### WORK TO BE COMPLETED
Return each of the entries below precisely as it appears.

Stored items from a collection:

◇ ◇ ◇ ◇ ◇ ◇ ◇

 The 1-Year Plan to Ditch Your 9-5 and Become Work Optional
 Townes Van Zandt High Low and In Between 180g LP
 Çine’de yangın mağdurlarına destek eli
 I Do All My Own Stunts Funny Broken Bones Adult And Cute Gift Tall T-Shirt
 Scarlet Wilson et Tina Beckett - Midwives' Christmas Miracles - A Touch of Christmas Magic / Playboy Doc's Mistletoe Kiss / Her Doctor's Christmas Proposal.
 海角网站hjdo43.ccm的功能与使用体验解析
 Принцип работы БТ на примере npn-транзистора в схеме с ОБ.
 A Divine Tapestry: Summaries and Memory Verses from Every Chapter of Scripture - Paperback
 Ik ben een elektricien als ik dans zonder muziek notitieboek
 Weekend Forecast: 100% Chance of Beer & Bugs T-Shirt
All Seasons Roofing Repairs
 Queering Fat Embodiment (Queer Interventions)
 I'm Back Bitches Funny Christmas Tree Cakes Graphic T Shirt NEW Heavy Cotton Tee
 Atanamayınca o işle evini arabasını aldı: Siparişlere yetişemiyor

◇ ◇ ◇ ◇ ◇ ◇ ◇

### SOLUTION FOR THIS EXERCISE
 The 1-Year Plan to Ditch Your 9-5 and Become Work Optional
 Townes Van Zandt High Low and In Between 180g LP
 Çine’de yangın mağdurlarına destek eli
 I Do All My Own Stunts Funny Broken Bones Adult And Cute Gift Tall T-Shirt
 Scarlet Wilson et Tina Beckett - Midwives' Christmas Miracles - A Touch of Christmas Magic / Playboy Doc's Mistletoe Kiss / Her Doctor's Christmas Proposal.
 海角网站hjdo43.ccm的功能与使用体验解析
 Принцип работы БТ на примере npn-транзистора в схеме с ОБ.
 A Divine Tapestry: Summaries and Memory Verses from Every Chapter of Scripture - Paperback
 Ik ben een elektricien als ik dans zonder muziek notitieboek
 Weekend Forecast: 100% Chance of Beer & Bugs T-Shirt
All Seasons Roofing Repairs
 Queering Fat Embodiment (Queer Interventions)
 I'm Back Bitches Funny Christmas Tree Cakes Graphic T Shirt NEW Heavy Cotton Tee
 Atanamayınca o işle evini arabasını aldı: Siparişlere yetişemiyor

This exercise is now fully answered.